Lead Image © Svetlana Gucalo,

Berry Clusters

The Raspberry Pi makes an ideal LAN server; connect several Rasp Pis and a low-cost root server, and you have a cluster before you know it.

If your project has exhausted the capabilities of a Raspberry Pi, it can be worth your while to connect several of these devices together to make a cluster. Doing so will create new resources and give you an opportunity to learn about techniques for building a computer cluster with a load balancer.

Typically, a cluster is a group of computers that act to guard against an outage or improve the performance of a service. The cluster in this example is made from four Rasp Pis.
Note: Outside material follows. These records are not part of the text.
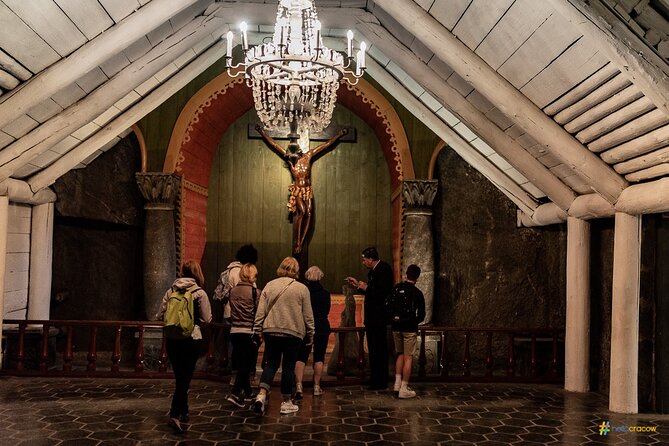 Auschwitz-Birkenau & Wieliczka Salt Mine – One Day Guided Trip - A One-Day Combo From Krakow: Auschwitz-Birkenau and Wieliczka in One Sweep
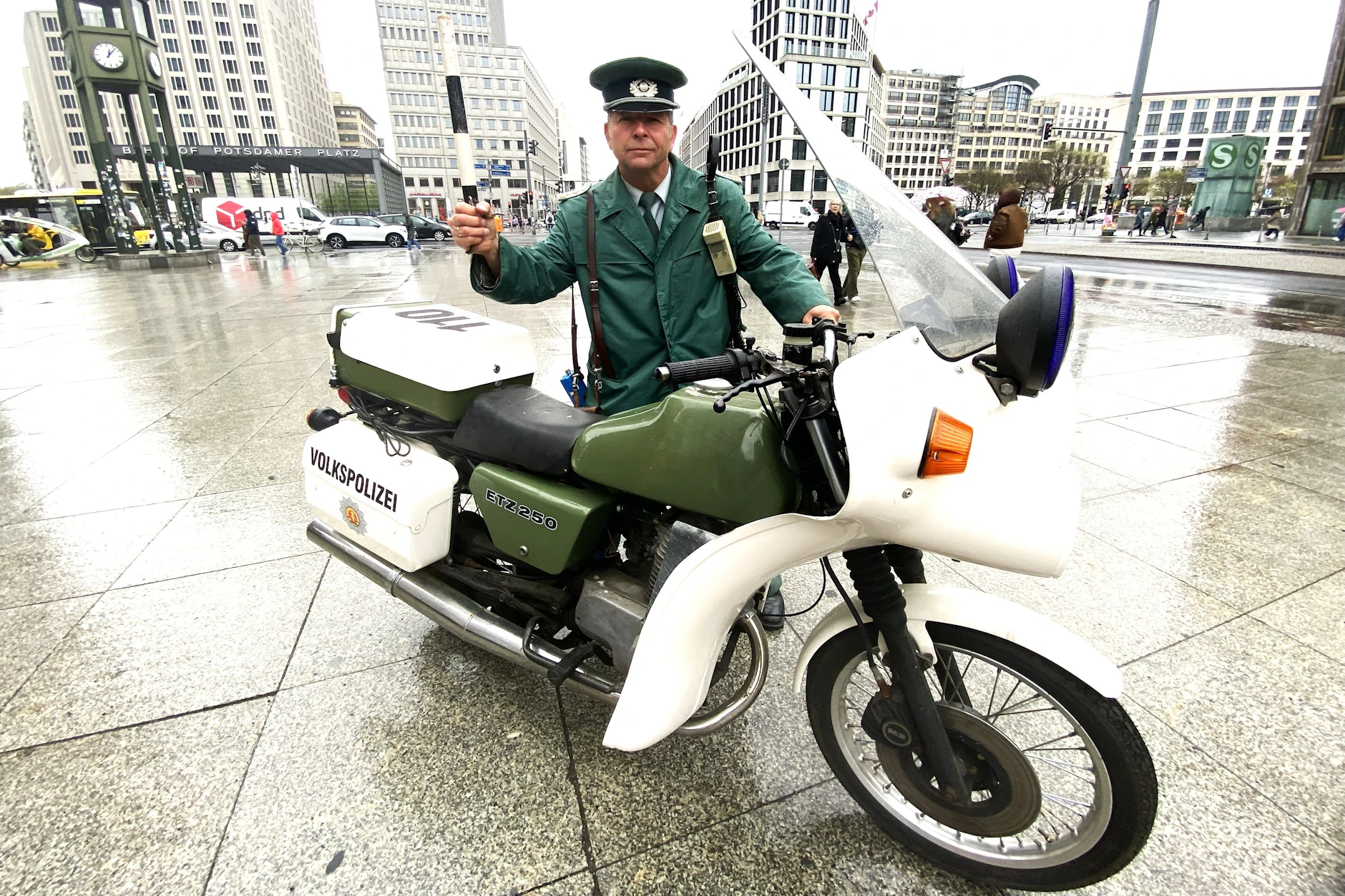 Wo einst die Mauer stand: Die Volkspolizei ist auf dem Potsdamer Platz wieder da. Mit echter Uniform und mit Original-Motorrad lässt Kabarettist Mario Kaulfers (60) ganz in der Nähe die DDR in einer Show aufleben.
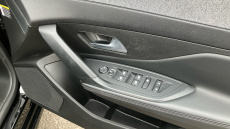 Peugeot 308 1.2 PureTech Allure Premium 5dr EAT8 Petrol Estate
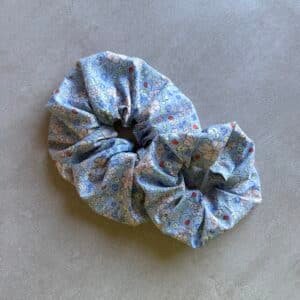 Chouchou fleuri bleu en satin de coton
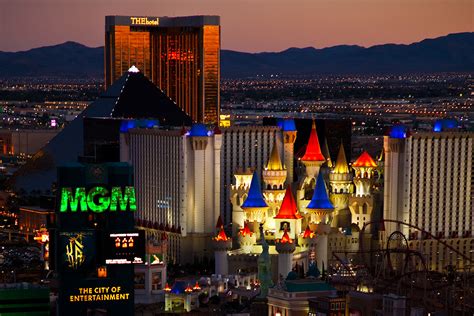 Sunset Strip | South Las Vegas Strip Las Vegas Nevada | James Marvin Phelps | Flickr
Three of the diminutive machines run locally with the GlusterFS [1] distributed filesystem (Figure 1), thus combining the read bandwidth of the three devices. The next step involves adding geo-replication with the fourth Raspberry Pi, which the other Rasp Pis can only reach over the Internet.
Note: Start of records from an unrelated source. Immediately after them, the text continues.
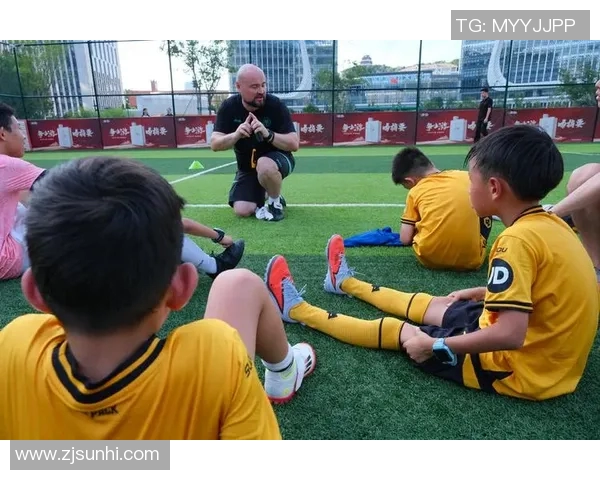 儿童足球训练视频教程助力小球员成长提升技巧与团队合作能力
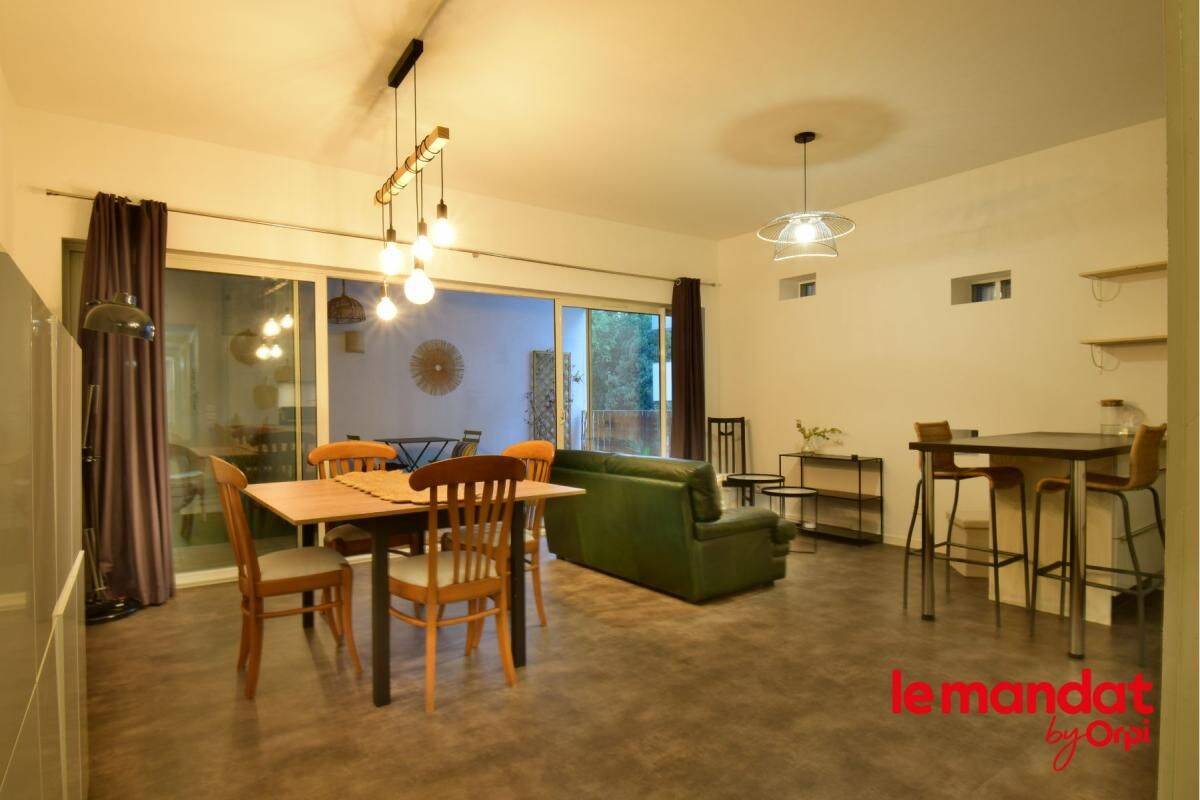Appartement 4 pièces 83 m² · à Bègles · 82,7 m² · 1 450 €
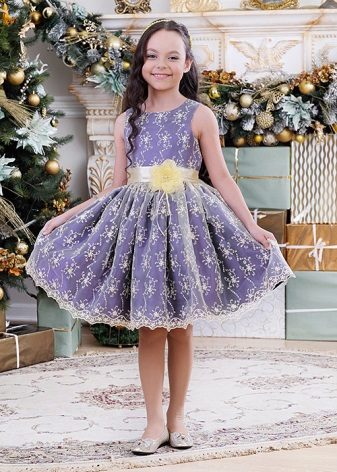 Summer dress para sa retro girls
Figure 1: A handful of Rasp Pis is all it takes to learn how a cluster and load balancer work.

Each of the individual nodes receives a web server. Finally, a separate web server assumes the task of balancing the load to make the cluster resources available on the network.
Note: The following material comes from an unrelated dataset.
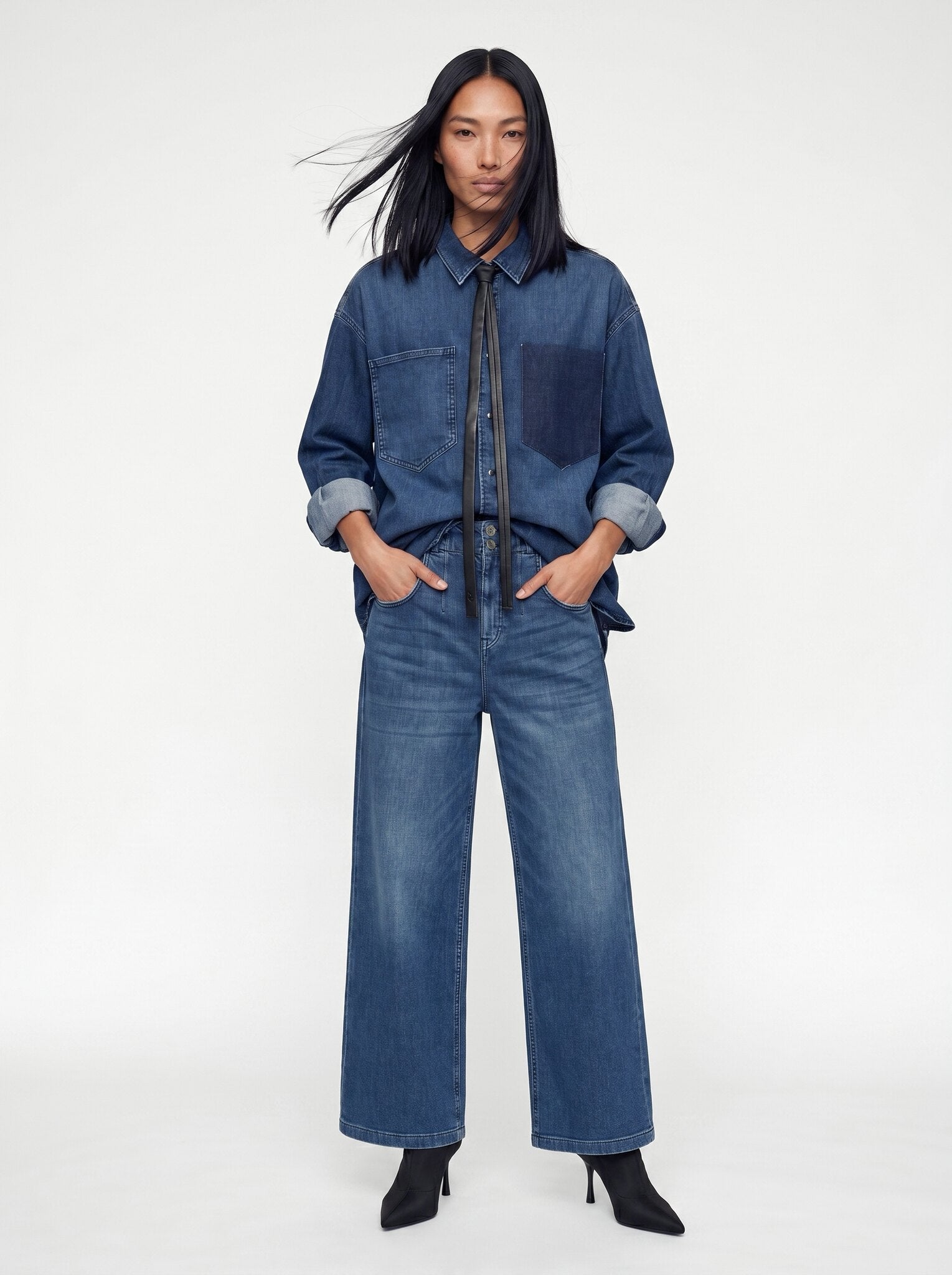 Modelshot / Dark Blue Denim / Detail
A new setup for a Rasp Pi should not include expansion of the filesystem. In the case at hand, you need the free space to install a partition for GlusterFS. Using raspi-config as root, choose Advanced Options | Hostname. You should give the devices names like cluster01 to cluster04. Using this setup, cluster01 to cluster03 will function as local servers and cluster04 as the remote computer.

Each node in the cluster must be running in the same time zone, so go to Internationalisation Options to set the time zone, remembering also to change passwords when you do in the Change User Password section. After specifying these settings, you should restart the computers so that the changes will take effect on each host.

Setting Up a Network

Now it is time to create a stable network environment. One possible approach is to assign permanent IP addresses and then resolve the names via /etc/hosts. A number of different router models let the user assign a static IP address to a particular MAC address. Additionally, some models let the user resolve names by means of DNS.

The test model did not have a DNS function. As a result, the only way to proceed was to assign a static IP address to each MAC address and then resolve the name using the local file /etc/hosts. This is the only workable method to use with computers that can only be accessed via the Internet. Listing 1 shows an example for a corresponding file that you will need to distribute to all of the computers that participate in the cluster.

Listing 1

/etc/hosts     localhost     lin01   cluster01   cluster02   cluster03
<External IP Address>    cluster04

The client computers that will later use the clustered filesystem need to have the appropriate entries. The cluster04 computer is an exception; it cannot reach the cluster01 to cluster03 machines via the Internet.

Now it should be possible to create a connection to all of the Rasp Pis via SSH. If this doesn't work, the first thing you should do is double-check the network configuration.